Running your own business can be exciting. It’s yours. It’s something you imagined, you nurtured, and you introduced to the world. 

I worked for the business I eventually bought for fifteen years and before I took the plunge, I had a mentor explain ownership thusly: Imagine jumping out of a plane and feeling the world rush by your face, taking in sights only you can see at the moment and realizing there is no one else doing exactly what you’re doing. You can see for miles and the speed you’re moving through time at is unparalleled; it’s pure adrenaline. You’re living in the moment, and you get to relive a similar moment every day. 

Then you pull the ripcord and your chute won’t open. 

If you’re willing to pay an attorney everything you have to prevent you from hitting the ground because you have faith in your ability to make it back, then sign on the dotted line.

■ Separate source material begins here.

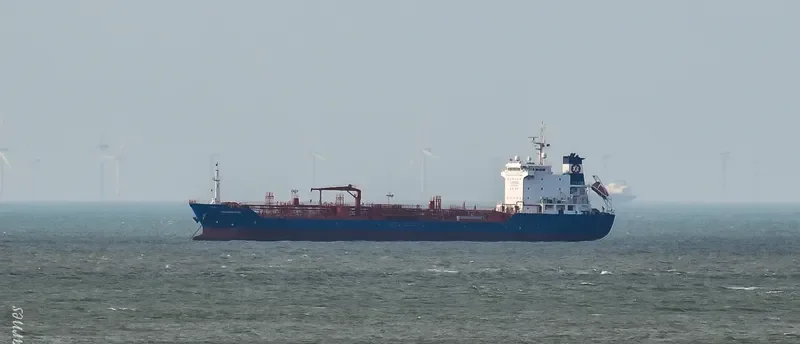 PECHORA STAR Tanker IMO 9488322 photo 7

What allowed me to put pen to paper was the people I worked with. The bookkeeper was an amazingly detail-oriented and ethical person who had spent years keeping us legal and financially risk averse. The Sales Manager used to be the GM and he was always spurred on by accomplishment. The Operations Manager was methodical, a great listener and entrenched in the company and product history. His big motivation was opportunity for his people. The Personnel Manager had a knack for knowing people, recognizing their capabilities and their limits. 

The only thing that could have ruined it was me. I quickly adopted the role of provider: my job was to give people the tools to do their jobs to the best of their abilities. Whether those tools were financial, physical, or educational, I did my best to provide people with the tools our budget would allow. My job simply was to make sure people could do their jobs, not to do their jobs for them. 

Don’t pay people if you’re going to strip their ideas and autonomy from them. The strength of a company is not from a singular person, but from the combined perspectives and collective experience of the people you assemble.

At Dinsmoor Strategies, over half of our workforce is half my age. I don’t need them to execute my vision for a client, but to bring their concepts to the table and analyze all perspectives to arrive at the best possible idea. Honestly, sometimes it’s like they’re speaking German and I can only understand Portuguese; but we challenge each other and speak freely. It’s an incredibly open atmosphere to offer or to pivot with ideas. 

Bonus Tip

If innovation and the idea pipeline is dry in your organization, the trouble, quite honestly, may be you. Have the courage and leadership to question yourself and not only listen, but hear what others have to say. You need people to speak up, but they need to be heard.